Now, to be fair, Robin’s writing is dense, and I think he’d be the first to agree that he could use an editor now and then. And, it’s important to note, he writes for an industry audience, not a general one. But if you take the time to go through his blog – and I don’t say this very often about blogs – you’ll be intellectually challenged and engaged. Robin is a serious thinker, with some very serious things to say about how race and class play a powerful role in how people of color who recycle in the developing world are often depicted unfairly, if not incorrectly, by the mainstream media (check out how he destroys CBS in this post). One of his favorite phrases – and one I really like – is “techs/geeks of color.” It refers to the astonishing skills of self-taught engineers in the developing world who repair broken electronics from the developed world, for re-use. Quite often, media from the West depict geeks of color as helpless tools of the developed world, rather than as clever entrepreneurs in their own right:
This distrust of globalization is understandable. But over-zealous promotion of the point, through stereotypical depictions of barefoot Chinese and barefoot Africans has thrown techs of color under the bus, and threatens to become a self-fulfilling prophesy if the sustainable fair trade path to development is thrown out with the bathwater. This is not just the opinion of American businessmen. This is overwhelmingly the opinion of consumers in the developing nations. It is the opinion in Karachi, in Mumbai, in Douala.
And continuing …
Recycling is not a form of “waste disposal”. It is a form of resource extraction. We should be more concerned about copper mining, iron mining, and lead and zinc mining than we should be about smelting old auto batteries to make new auto batteries. Once the auto battery factories moved to India and Philippines and Thailand, it makes sense that the auto battery recycling would follow.

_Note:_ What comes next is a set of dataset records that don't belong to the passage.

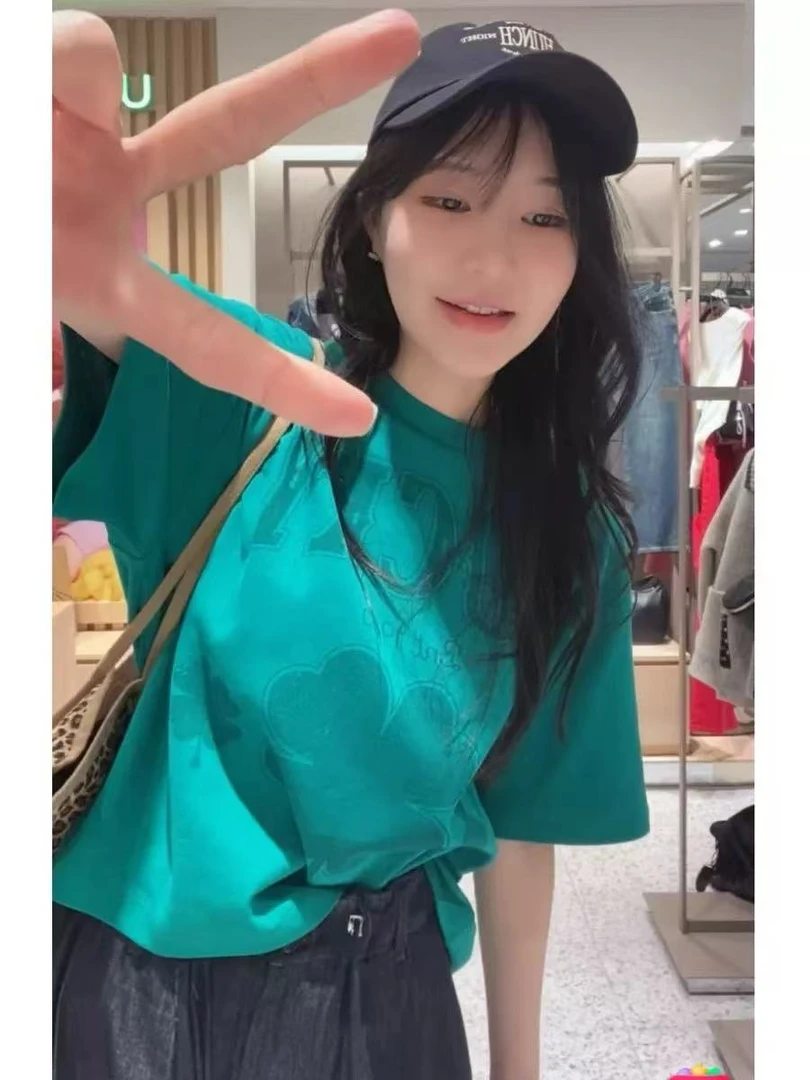 2025夏季圆领宽松休闲百搭四叶草印花短袖T恤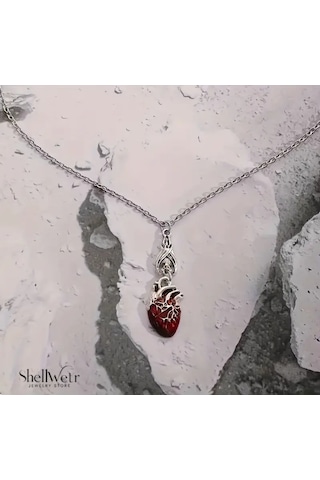 Rubicore Dramatik Gotik Tarz Kırmızı Kalpli 925 Ayar Gümüş Zincir Unisex Kolye Gümüş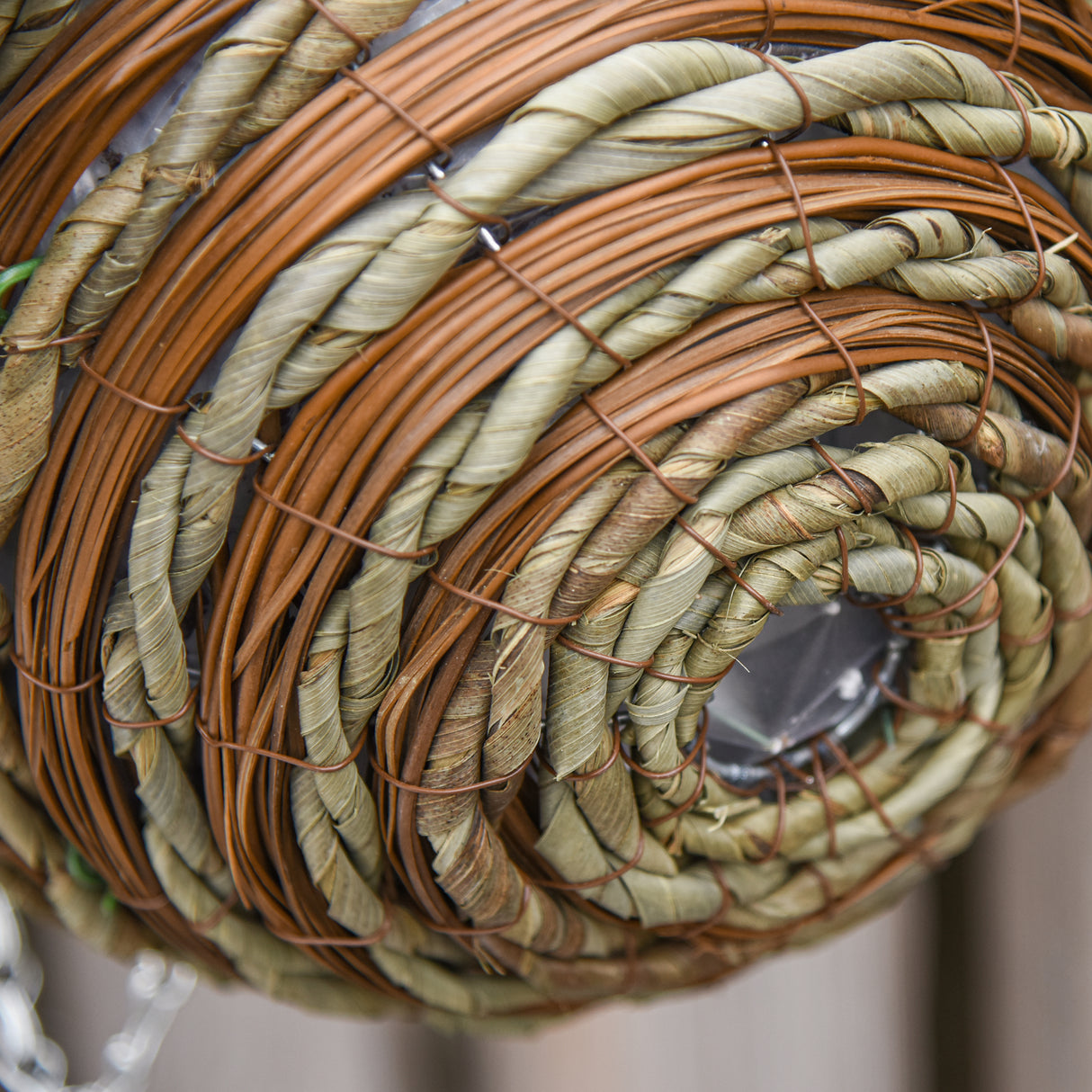 easycomfort set di 2 piante finte lisianthus da appendere per interno ed esterno con vaso in vimini e catenelle 25x34cm rosa e verde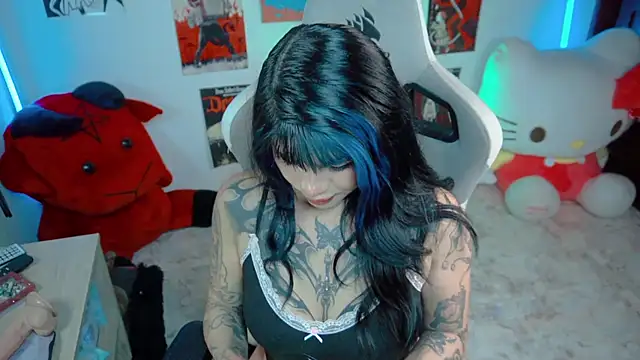 Snapshot of Deadly_Doll chatting on 06-29-26, 11:27 Deadly Doll online show from 06-29-26, 11:27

Or, heck, try some of this:
This blog is not really all about reuse markets for e-waste and technology. It’s more of a wiki-leaks, philosophy paper, trying to document how public policy gets developed, and how environmentalists con themselves if they believe that their moral aspirations and non-profit 990 forms somehow innoculate us from commiting the same arrogant sins as the Catholic Church of the 1500s, the anti-communists of the 1950s, the Maoists of the Great Leap Forward, and other passion-driven causes.
… [I]f this blog is about making people care about used electronics, then it’s really going to wind up on the scrap heap. The blog is about people setting environmental policy, using guilt about poor people as their marketing gimmick, but remaining silent when the Geeks of Color get Clubbed to Death. They tried to take used computers away from Pakistanis last year, and there was an uprising…
And then there’s this Sanford & Son (my favorite television show of all time) reference …
I loved it when Fred Sanford praised necks and wings, and it was the only thing he and Lamont ever agreed on… I’m from Arkansas, and know that Tyson made billions learning to resell chicken poop as fertilizer, and sending chicken wings and gizzards to Asia on cargo jets, because when we were laughing at Redd Fox on our TVs, the rest of the world agreed with him.
I could go on and on, but I realize that Robin’s blog isn’t for everyone. So let me put it this way: if you’re someone from the recycling industry who comes to Shanghai Scrap out of hope that I’ll regularly post about scrap metal, I suggest that you start spending some time at Robin’s blog, as well. He blogs scrap every day; I only do it a few times a month, at most. The insights are great, and if you care about recycling, the developing world, and a practical, realistic approach to integrating both, then Robin is your man. A top-of-the-line Shanghai Scrap recommendation: go to the Good Point Ideas Blog. I only wish I’d started reading it years ago.